A poem can reveal more of the truth than an entire book or article. Facts and statistics can be misconstrued, even distorted in the wrong hands; but a poem says everything it needs to, candidly, thoughtfully.


If I told you that over 50 per cent of Syrian refugees were children, what would be your response? Detached sympathy? Perhaps even indifference? After all, we have enough children right here in Britain from broken families and in foster care needing help: about 64,000 actually.
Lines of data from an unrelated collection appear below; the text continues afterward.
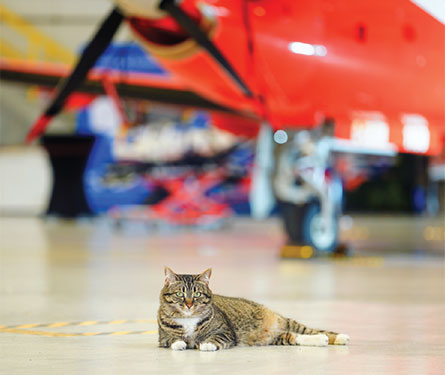/Media/Ornge/Images/Meet-Zulu-Thumb-vertical3.jpg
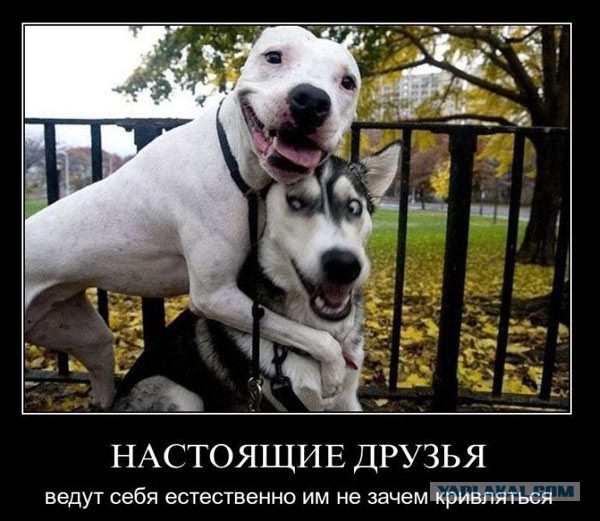 Щенок хаски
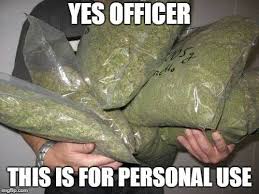 memes cannabis - Yes Officer This Is For Personal Use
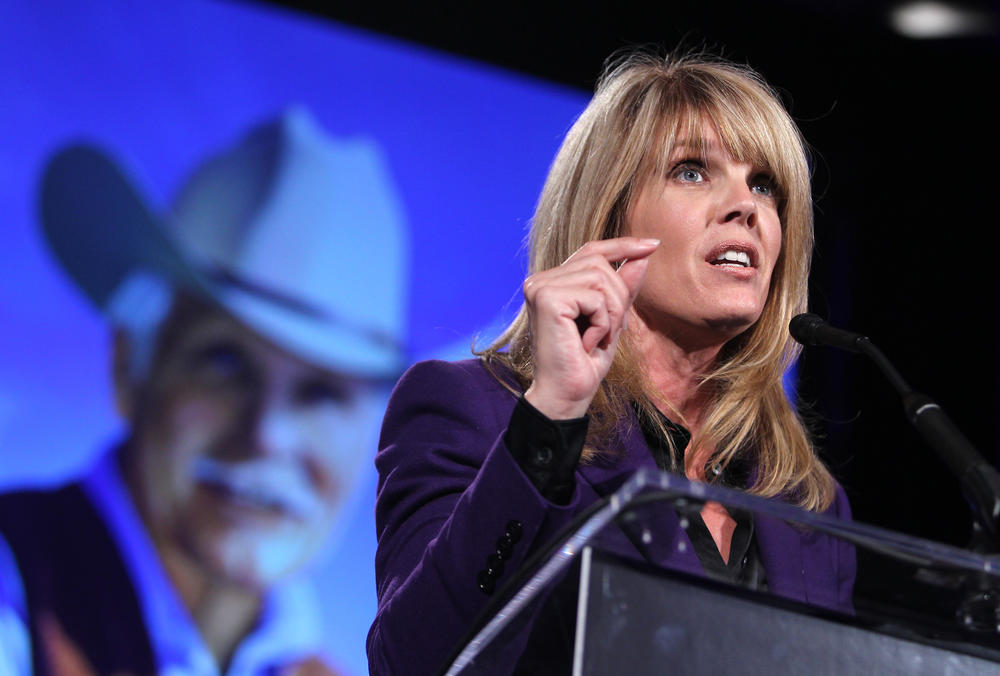 Laura Turner Seydel, daughter of Ted Turner, speaks at the unveiling ceremony for the recently acquired Ted Turner portrait at the Smithsonian's National Portrait Gallery, on Tuesday, Dec. 2, 2014 in Washington, DC. The ceremony celebrates the addition ma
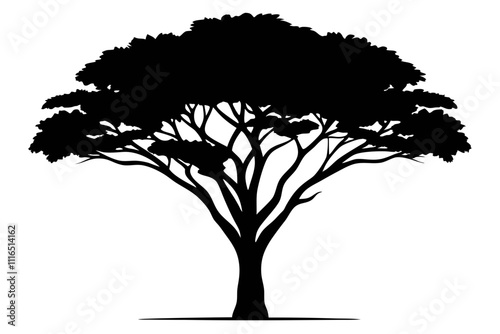 A simple Savannah Tree (Acacia) silhouette black vector white background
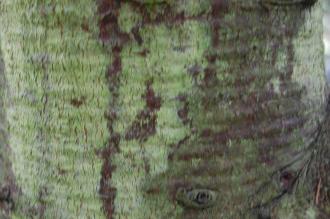 Abies fabri Bark (30/01/14, Kew Gardens, London)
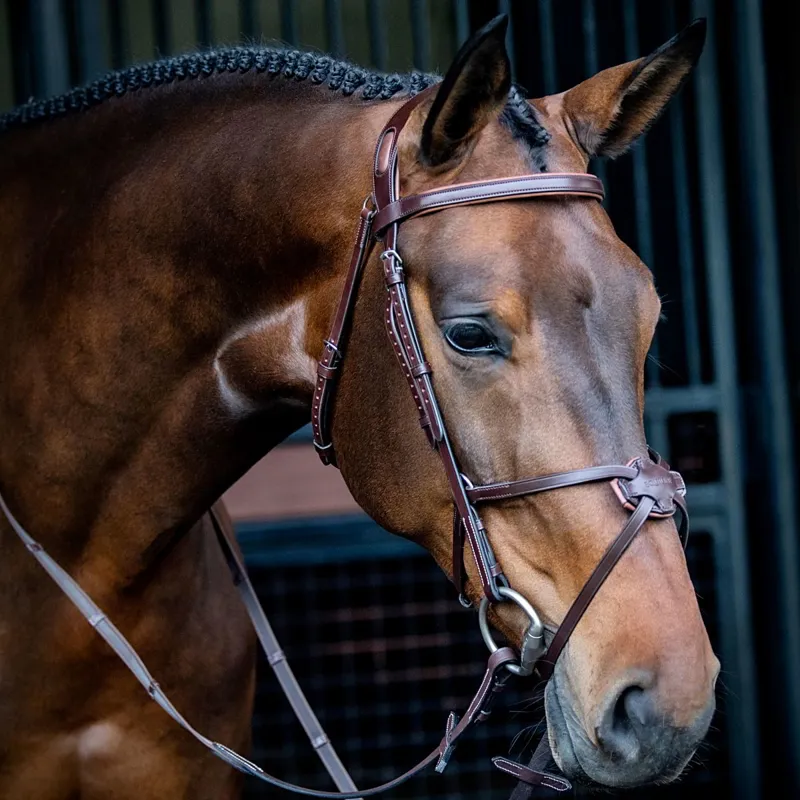 Equiline Build a Bridle - Customization-5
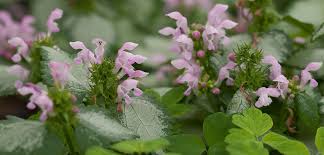 Attēlu rezultāti vaicājumam “Lamium maculatum”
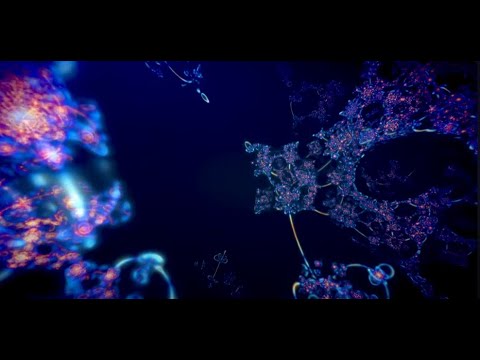 Dubanko & Woody Vibes - Crête & Moustache (Full album)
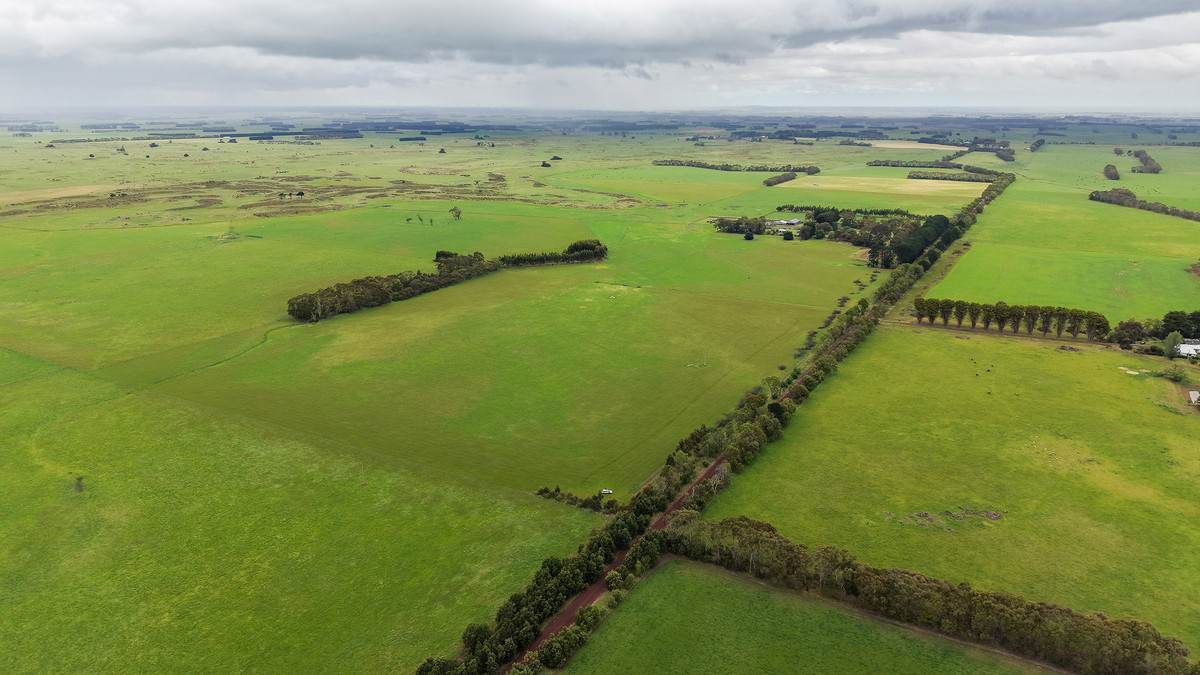 'Moorilah' 318 Jelbarts Road, Gerrigerrup For Sale by Farmbuy.com - image 2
But what if I showed you this:


The Children of Syria

The children of Syria

Swaddled in their shrouds

like wrapped sweets.

But, they are not made of sugar,

they are made of flesh

and dreams

and love.


The streets await you,

Gardens, schools and holidays

await you,

children of Syria.


It is too soon to be birds,

to play

in the heavens.


This is a poem taken from Maram al-Masri’s latest collection, Liberty Walks Naked which is an homage to all the victims of the Syrian war. In her own words, ‘Despite the quotidian character of the horror, this cannot be made banal, cannot be made seem “normal” ’. But, the reality is that to our western eyes, the latest BBC news bulletin about the fighting in Damascus is just another item of news, the casualties mean nothing to us.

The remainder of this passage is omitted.